= Source material =
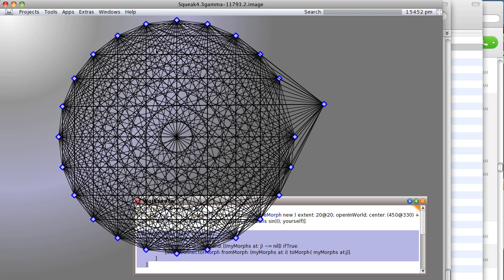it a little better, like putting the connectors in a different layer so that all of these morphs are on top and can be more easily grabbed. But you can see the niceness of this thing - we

--

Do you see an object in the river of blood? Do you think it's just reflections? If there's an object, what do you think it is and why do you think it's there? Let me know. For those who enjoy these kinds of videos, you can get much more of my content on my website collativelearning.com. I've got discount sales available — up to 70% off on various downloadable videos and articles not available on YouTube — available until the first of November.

* * *

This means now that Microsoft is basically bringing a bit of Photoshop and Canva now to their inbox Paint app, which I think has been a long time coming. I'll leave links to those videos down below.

= Assignment =
Copy out each line from the preceding entries that mentions the word "videos".

= Result for this exercise =
Do you see an object in the river of blood? Do you think it's just reflections? If there's an object, what do you think it is and why do you think it's there? Let me know. For those who enjoy these kinds of videos, you can get much more of my content on my website collativelearning.com. I've got discount sales available — up to 70% off on various downloadable videos and articles not available on YouTube — available until the first of November.
This means now that Microsoft is basically bringing a bit of Photoshop and Canva now to their inbox Paint app, which I think has been a long time coming. I'll leave links to those videos down below.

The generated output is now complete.